INPUT MATERIAL>
========================================
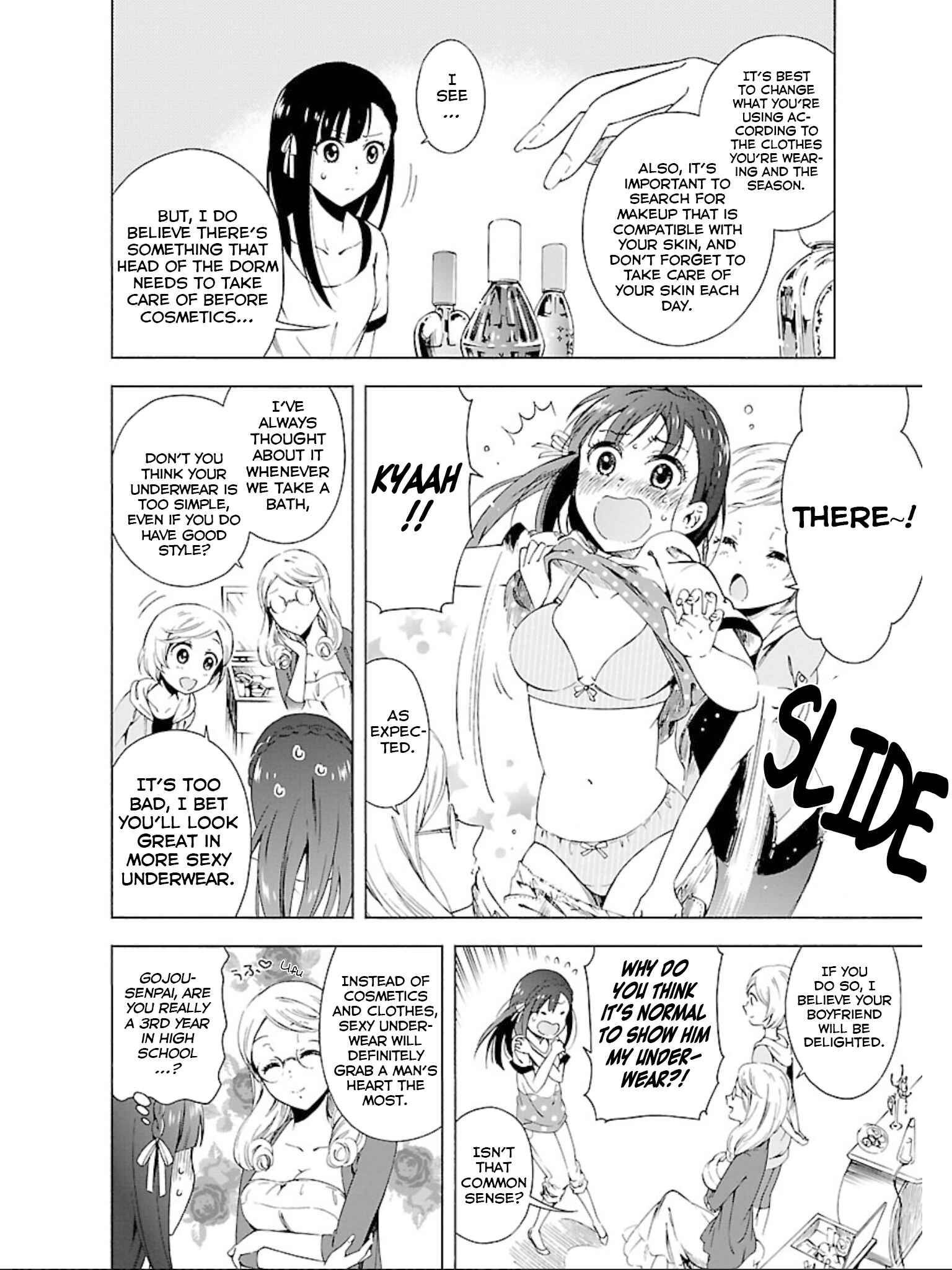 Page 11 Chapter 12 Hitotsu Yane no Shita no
========================================
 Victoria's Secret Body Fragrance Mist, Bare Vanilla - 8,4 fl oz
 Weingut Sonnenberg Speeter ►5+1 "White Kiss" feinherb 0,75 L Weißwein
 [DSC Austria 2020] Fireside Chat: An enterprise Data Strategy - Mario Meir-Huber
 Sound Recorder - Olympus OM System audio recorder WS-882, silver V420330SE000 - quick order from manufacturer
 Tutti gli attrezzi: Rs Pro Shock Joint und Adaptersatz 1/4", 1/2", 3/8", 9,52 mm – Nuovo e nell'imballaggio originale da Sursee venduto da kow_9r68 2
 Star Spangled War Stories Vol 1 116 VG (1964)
========================================
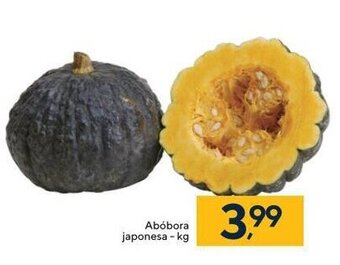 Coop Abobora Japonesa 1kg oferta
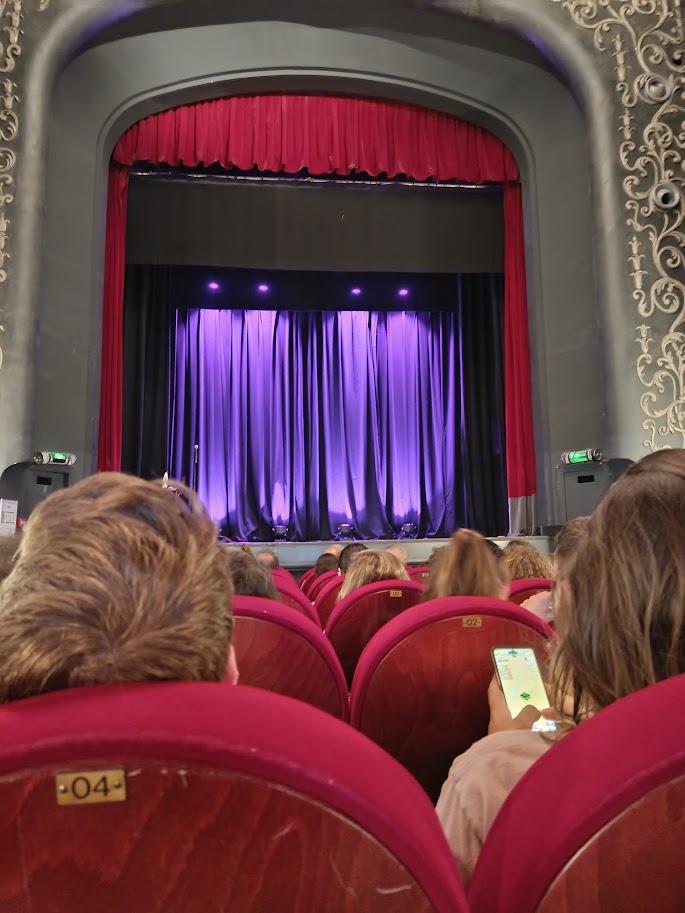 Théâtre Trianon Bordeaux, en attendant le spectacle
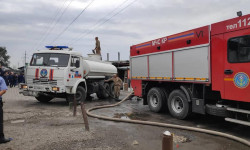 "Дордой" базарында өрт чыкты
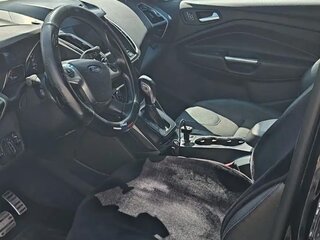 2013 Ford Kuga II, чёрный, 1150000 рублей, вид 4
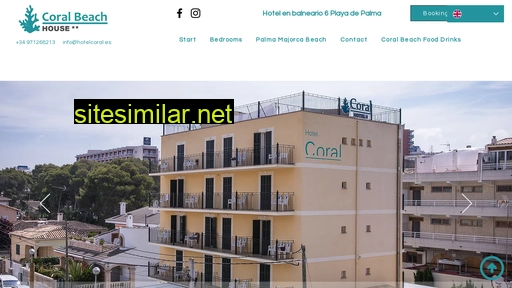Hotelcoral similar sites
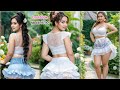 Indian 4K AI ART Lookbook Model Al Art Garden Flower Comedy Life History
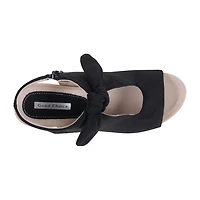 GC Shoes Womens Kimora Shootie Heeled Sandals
========================================
WHAT YOU ARE ASKED TO DO> Using the data above, reproduce exactly the lines from the line that contains "Sound Recorder - Olympus" through the line that contains "Star Spangled War", including both.

RESPONSE>
 Sound Recorder - Olympus OM System audio recorder WS-882, silver V420330SE000 - quick order from manufacturer
 Tutti gli attrezzi: Rs Pro Shock Joint und Adaptersatz 1/4", 1/2", 3/8", 9,52 mm – Nuovo e nell'imballaggio originale da Sursee venduto da kow_9r68 2
 Star Spangled War Stories Vol 1 116 VG (1964)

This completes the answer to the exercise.